Washington County says more households are recycling
Kevin Bearese tosses plastics into recycling bin Thursday at Greensburg Convenience Center near Smithsburg. (By Kevin G. Gilbert/Staff Photographer / July 21, 2012)
The county has determined, through rough calculations, that recycling participation through various means might be up more than 15 percent from 2011.
For recycling, Washington County has decided on a middle ground between doing nothing and making it a mandatory, tax-supported service.
Washington County Administrator Gregory B. Murray said the county asked local trash haulers about the possibility of recycling-only curbside pickup, instead of offering it as part of trash-hauling package. Allied Waste responded and was invited to make a presentation on the program to the county commissioners, he said.
Allied proceeded with a controversial “opt-out” program, in which recycling bins were delivered to households; residents had to contact the company if they wanted to refuse the paid service, which began in early June.
Other private haulers followed suit and also offered recycling-only curbside service.
The county also has removed recycling bins from public places, starting with county bins set up in the city of Hagerstown. Officials have said the bins became dumping grounds for bulk items and trash.
Cutting the financial drain
During an interview on Wednesday, Murray said the recycling program long has been a financial drain on the county. The county was spending more than $500,000 a year on it, based on how much it paid for each “pull,” the term to describe a hauler emptying a bin, he said.
Each pull cost the county $166.02, according to Sarah Lankford Sprecher, a county spokeswoman.

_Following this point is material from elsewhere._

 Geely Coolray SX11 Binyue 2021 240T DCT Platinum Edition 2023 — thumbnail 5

Recycling expenses are considered part of the overall cost of running the landfill.
The county took an additional financial hit this year when Waste Management stopped hauling trash from the city of Hagerstown to the county’s Forty West Landfill, which charges a tipping fee to haulers, Murray said. That was a loss of $600,000 in revenue, he said.

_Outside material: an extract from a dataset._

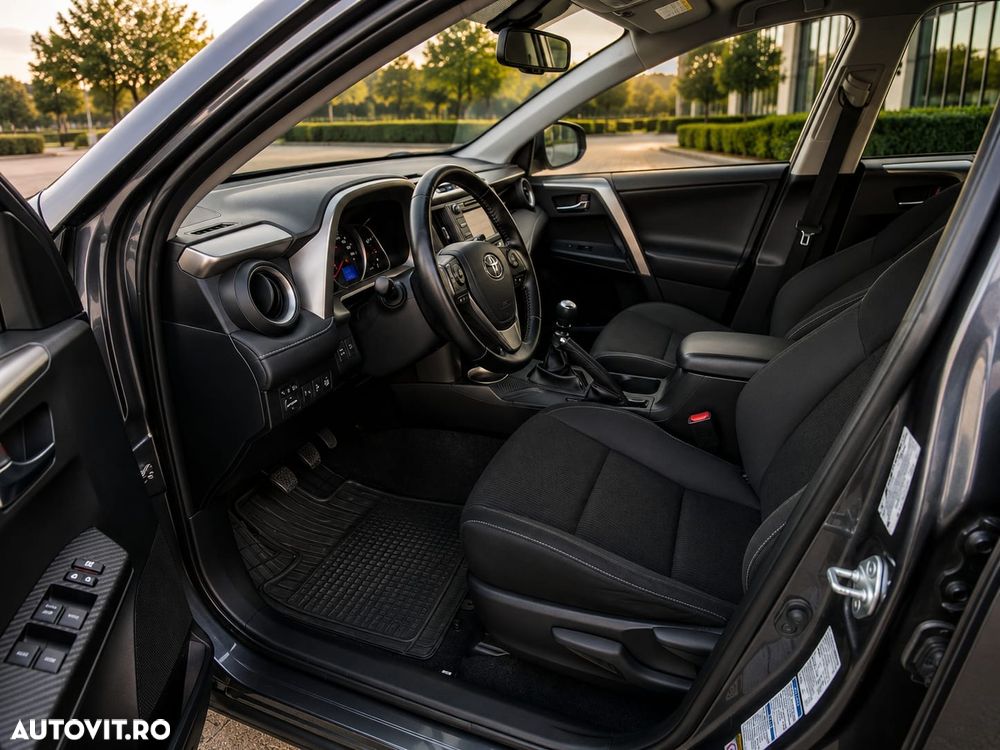 TOYOTA RAV4 2015 — imagine 7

Murray said some people want the county to pay for a curbside recycling program, “but we’ve heard from more people who say, ‘Don’t raise my taxes.’”
At public meetings, over and over, residents have called for curbside recycling, Commissioner William B. McKinley said.
“If we can do this in a way that we don’t lose money, I’d rather do that,” he said.
McKinley said most of the recent complaints have been about the county charging $36 for households per year for a permit to drop recyclables at the landfill or the transfer stations.
Initially, that permit only was offered to people who didn’t live in the area where Allied Waste offered curbside pickup of recyclables. But in June, the county commissioners amended the policy so the permit was available to all county residents.
As of Wednesday, 1,361 county residents had purchased the recycling-only permit to use the landfill or four transfer stations, Murray said.
The county charges $130 a year for a residential permit for full use of the landfill and the transfer stations, allowing the dropoff of trash and recyclables. Because the recycling component loses money, a county Solid Waste Advisory Committee recommended raising the cost of the permit to $200 per year, Murray said.